» **WHAT YOU SHOULD DO**
From the first line to the last, return the data exactly as it stands.

** PROVIDED INFORMATION follows **

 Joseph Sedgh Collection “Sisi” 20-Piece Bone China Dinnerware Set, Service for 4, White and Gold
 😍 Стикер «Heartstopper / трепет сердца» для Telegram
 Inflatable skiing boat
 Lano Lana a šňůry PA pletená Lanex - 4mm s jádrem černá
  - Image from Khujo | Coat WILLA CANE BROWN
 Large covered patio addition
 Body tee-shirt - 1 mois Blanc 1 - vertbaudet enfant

** End of PROVIDED INFORMATION **

» **TASK OUTPUT**
 Joseph Sedgh Collection “Sisi” 20-Piece Bone China Dinnerware Set, Service for 4, White and Gold
 😍 Стикер «Heartstopper / трепет сердца» для Telegram
 Inflatable skiing boat
 Lano Lana a šňůry PA pletená Lanex - 4mm s jádrem černá
  - Image from Khujo | Coat WILLA CANE BROWN
 Large covered patio addition
 Body tee-shirt - 1 mois Blanc 1 - vertbaudet enfant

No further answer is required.